Em sua tentativa de elaborara um sistema de teologia natural, os escolásticos firmaram três
modos pelos quais determinar os atributos de Deus, modos que eles denominam via causalitatis,
via negationis e eminentiae. Pela via da causalidade subimos dos efeitos que vemos no mundo
que nos cerca para a idéia de uma Causa primeira, da contemplação da criação para a idéia de
um onipotente Criador, e da observação do governo moral mundo para a idéia de um Governante
poderoso e sábio.
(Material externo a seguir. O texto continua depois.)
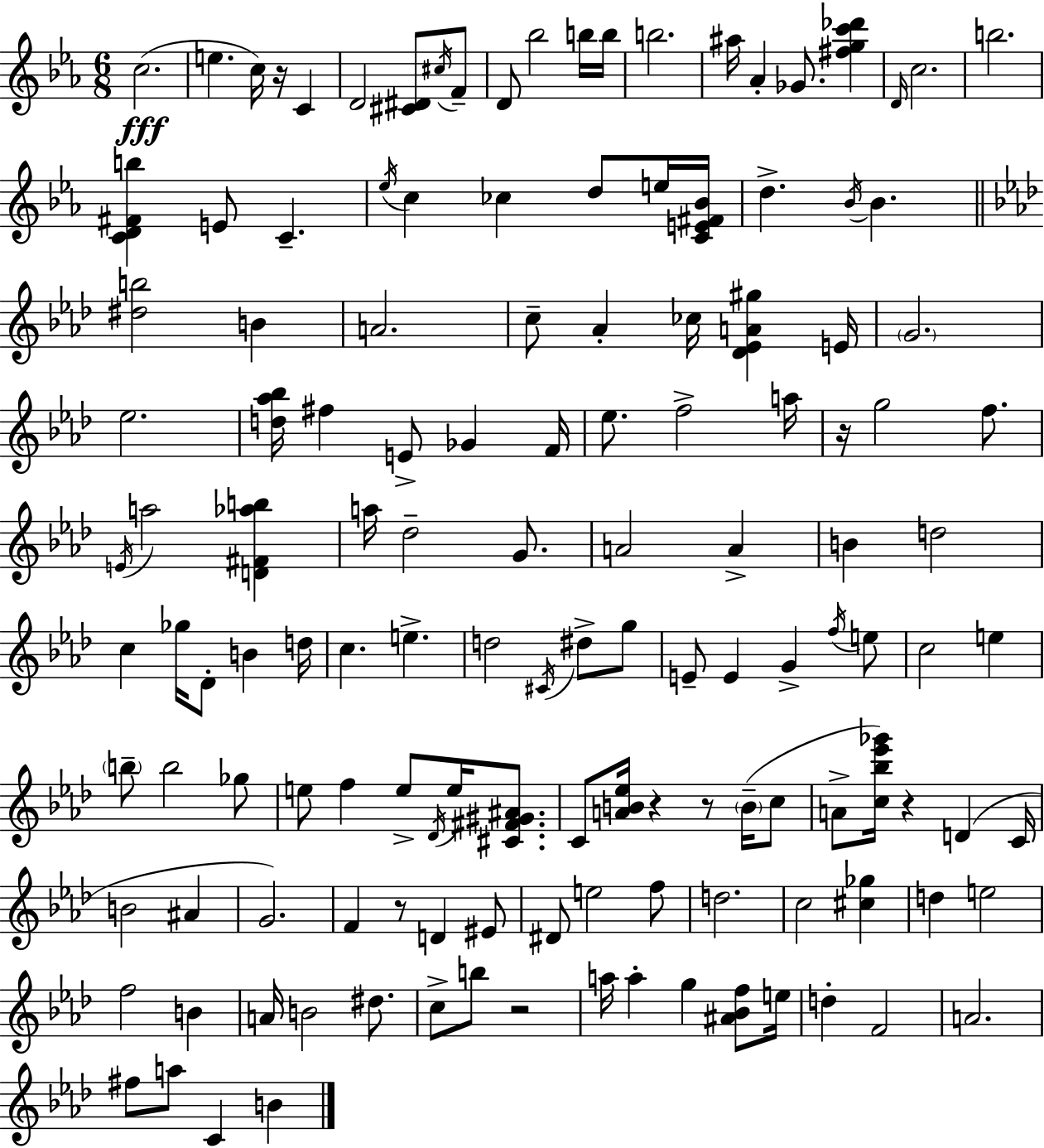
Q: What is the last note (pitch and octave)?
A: B4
Pela via da negação retiramos de nossa idéia de Deus todas as imperfeições
vistas em Suas criaturas, como incoerentes com a idéia de um Ser Perfeito, e Lhe atribuímos as
respectivas perfeições opostas. Apoiados neste princípio, dizemos que Deus é independente,
infinito, incorpóreo, imenso, imortal e incompreensível. E finalmente, pela via da eminência
atribuímos a Deus, de modo o mais eminente, as perfeições relativas que descobrimos no
homem, segundo o princípio de que o que existe num efeito, preexiste em sua causa, e ainda, no
sentido mais absoluto, em Deus como ser perfeitíssimo. Este método pode atrair alguns, porque
parte do conhecido para o desconhecido, mas não é o método apropriado para a teologia
dogmática. Tem como ponto de partida o homem e tira suas conclusões partindo daquilo que ele
encontra no homem para o que se acha em Deus. E, na medida em que age deste modo, faz o
homem a medida de Deus. Certamente não é um modo de proceder teológico. Além de tudo mais,
baseia o seu conhecimento de Deus em conclusões humanas, em vez de baseá-lo na auto-
revelação de Deus em Sua palavra divina. Ora, é esta a única fonte adequada de conhecimento
de Deus. Conquanto se possa seguir aquele método na teologia natural, assim chamada, não se
enquadra numa teologia da revelação.

Pode-se dizer a mesma coisa dos métodos sugeridos pelos representantes modernos da
teologia experimental. Um exemplo típico disto pode-se ver na Theology as na Empirical Science,
de Macintosh.1 Ele também fala de três procedimentos metodológicos. Podemos começar com
nossas intuições da realidade de Deus, aquelas certezas que independem do raciocínio e que se
acham firmemente arraigadas na experiência imediata. Uma delas é a de que o Objeto da nossa
confiança religiosa é absolutamente suficiente para as das nossas necessidades imperativas. Em
especial, pode-se tirar deduções da vida de Jesus e das “Semelhanças de Cristo” em toda parte.
Também podemos ter nosso ponto de partida, não nas certezas do homem, mas em suas
necessidades. O postulado praticamente necessário é que Deus é absolutamente suficiente e
absolutamente confiável com referência às necessidades religiosas do homem. Sobre esta base o
homem pode construir a sua doutrina dos atributos de Deus. E, finalmente, também é possível
seguir um método mais pragmático, que repousa no princípio de que, até certo ponto, podemos
aprender o que são as coisas e as pessoas, além do que percebemos imediatamente o que são,
observando o que elas fazem. Macintosh acha necessário usar os três métodos.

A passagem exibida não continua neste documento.